Dulu aku punya seekor kucing.

Ralat : dulu ada seekor kucing yang rutin main ke rumahku sehingga aku mengklaim bahwa dia adalah milikku.

Sebagaimana kucing liar biasanya, awalnya dia datang ke rumahku untuk mencari makan. Sekali dua kali ku beri dia sisa-sisa makanan, baik itu berupa tulang ikan ataupun ayam yang ada di rumah. Semakin lama aku semakin sayang padanya. Kadang ku elus tubuhnya yang berbulu hitam putih dan ku ajak berdansa (read : menyiksa dengan memaksanya berjalan dengan kedua kaki belakang sedangkan kedua kaki depannya ku genggam). Sesekali aku menggumamkan lagu dansa khas anak kecil sambil berpura-pura berdansa dengannya, sedangkan dia agak pasrah dengan mata lucunya menatap padaku.

Merasa diterima di rumah, ia pun mulai tinggal lebih lama di rumahku dari biasanya. Mungkin bisa dibilang, dia juga mulai menganggap rumahku sebagai rumahnya.

Sampai pada suatu malam, ketika aku sudah merasa lelah dan hendak beristirahat, aku menemukan sesuatu diatas kasurku. Ku teliti dan ku cermati, ternyata itu adalah seonggok tai kucing. Ya, dia meninggalkan kotorannya di atas tempat peristirahatanku.

Sontak ku mengamuk, ku menangis. Sedangkan orang tuaku hanya menggeleng-geleng melihat anak perempuan kecilnya mengamuk karena ada tai kucing di atas kasurnya.

Pada saat itu aku merasa dikhianati oleh si kucing, karena ku berpikir aku sudah memberikan kasih sayangku padanya, memberinya makan dan mengelusnya. Akan tetapi dia membalasnya dengan memberikan tainya diatas kasurku.

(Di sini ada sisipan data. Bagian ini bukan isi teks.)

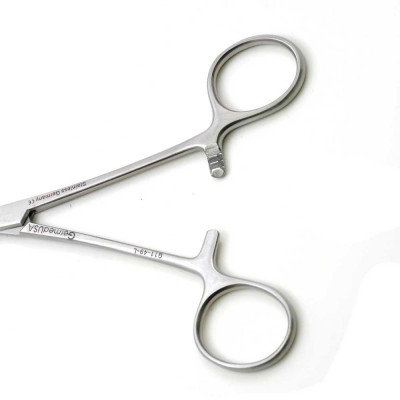 Rochester Carmalt Forceps, Straight, Left Hand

Sejak saat itu aku tidak bisa mengontrol emosiku bila bertemu dengannya. Kadang ku memakinya, mengusirnya, atau bahkan pernah melemparnya ke luar rumah. Penyiksaan padanya ku lakukan sampai pada akhirnya dia tidak pernah lagi datang ke rumahku,

...dan aku sadar, aku merasa kehilangan.

Setelah dewasa, kadang ku berpikir, tidak seharusnya aku berlaku kasar padanya hanya karena satu kesalahannya. Mestinya aku bisa memaafkannya dan kembali menikmati sore kami dan bermain bersama. Atau mungkin seharusnya aku meminta orang tuaku untuk membelikan wadah berak kucing dengan pasirnya, kemudian mengajarinya untuk berak pada tempatnya,

aku seharusnya bisa lebih menerima dia dengan apa adanya,

karena tai kucing bisa dibersihkan, tapi kucing yang bisa menyentuh hatimu mungkin hanya akan datang sekali dalam seumur hidupmu.